El caso es que hay estados democráticos y otros que no lo son tanto o nada, pero no hay ni puede haber sujetos de carne y hueso que sean la democracia en sí mismos, como el absolutismo de Luis XIV. Cuando alguien propone, como Pedro Sánchez, que solo es democrático hacer su santa voluntad, autorizada por Él mismo a engañar a sus votantes y comprar votos para gobernar al precio que sea, incluyendo destruir la nación a gobernar, pasa a ser aspirante a la autocracia. Emplea la palabra democracia como atributo de su Persona y como quijada de asno con la que atacar la diferencia y el pluralismo político.
Mentiras mezcladas con tabúes
Su discurso de investidura del 15 de noviembre estaba compuesto al modo de un castillo de naipes donde mentiras desvergonzadas se apoyan en palabras-fetiches -progreso, convivencia, derechos, acuerdo, perdón- en el papel de tabúes fuera de cualquier discusión. Un discurso así es irrebatible no porque esté lleno de razones imbatibles, sino porque no se puede debatir: es un puro monumento a la posverdad, es decir, a la negación posmodernista de cualquier diferencia entre verdad y mentira, hecho y opinión, dato y relato, promesa y traición.
La posibilidad de llegar a un acuerdo con el otro tiene el requisito previo de que se discuta o negocie algo que puede existir, que sea veraz y se puede experimentar, compartir y discutir según la lógica de la recta razón, es decir, con datos comprobables y argumentos discutibles. Nada de eso ha regido nunca los discursos de Sánchez. Como buen tirano, verdad es y será lo que Él diga y cuando lo diga.

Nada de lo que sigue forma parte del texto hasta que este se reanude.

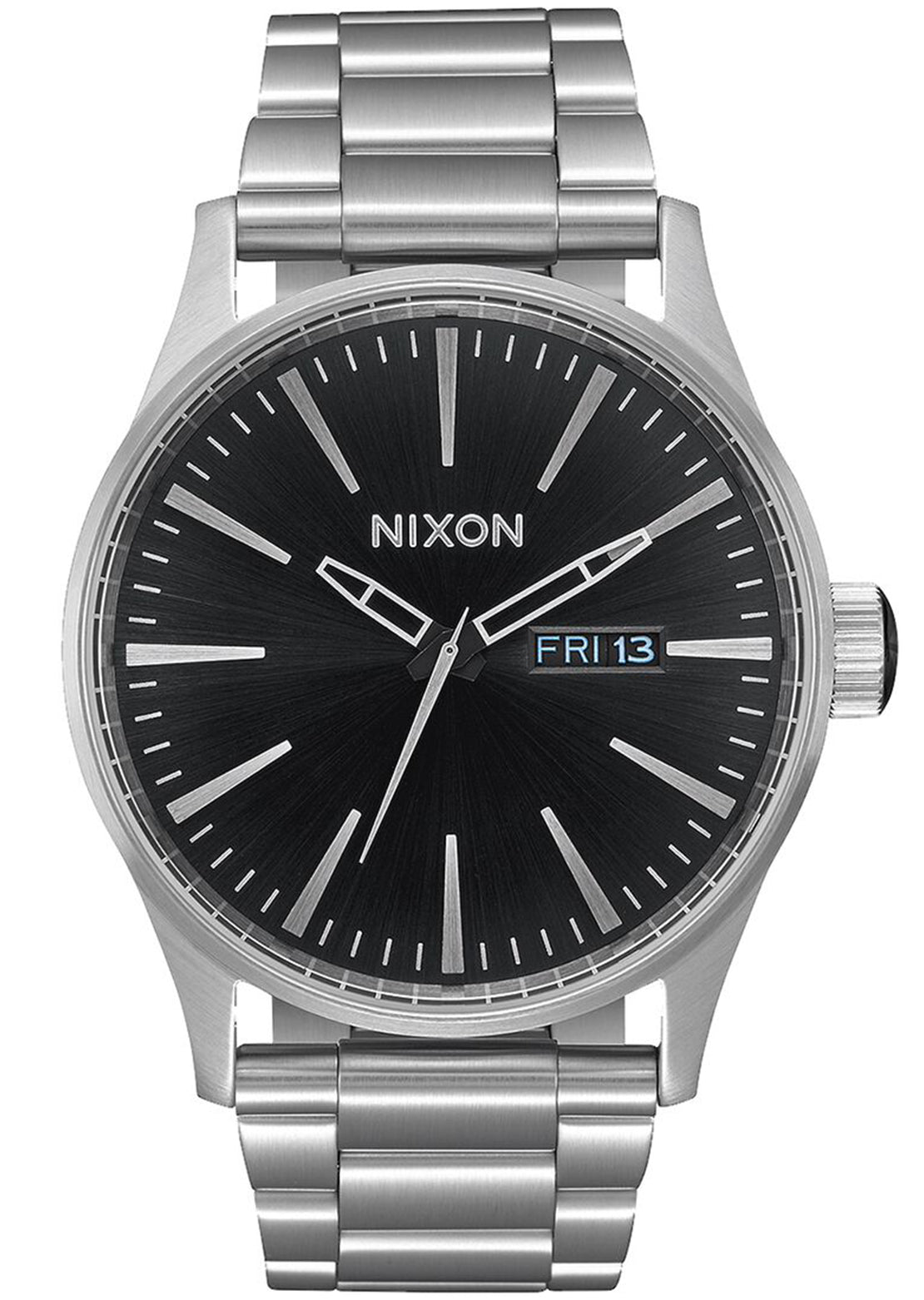 Nixon Men&#39;s Sentry SS Watch Black Sunray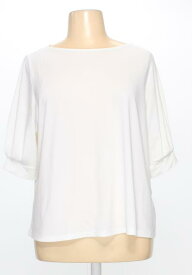 H&M Womens White Blouse Size XXL (SW-7113666) レディース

Como el Humpty Dumpty de Alicia, su divisa es que las palabras significan lo que él dice que significan, ni más ni menos.
La ventaja despótica de esta clase de discurso es que derrota a quien pretenda discutirlo con sentido constructivo, porque es imposible. Pero la moral pública de la democracia insiste en que es imperativo debatir con los rivales, buscar consensos y cerrar acuerdos. Sin embargo, la regla es inútil ante la absoluta falta de compromiso con la veracidad y, en general, pérdida total del valor de la palabra. La ética de la acción comunicativa que Habermas ve indispensable para llegar a una democracia deliberativa, libre e igualitaria y basada en razones es, y sin duda siempre será, insuficiente (por mucho que la realidad humana le duela al filósofo alemán), pero deviene completamente imposible cuando falta cualquier otra regla que no sea la satisfacción de la ambición de poder megalómana de Sánchez, que habría sorprendido al propio Nietzsche del culto a la voluntad de poderío.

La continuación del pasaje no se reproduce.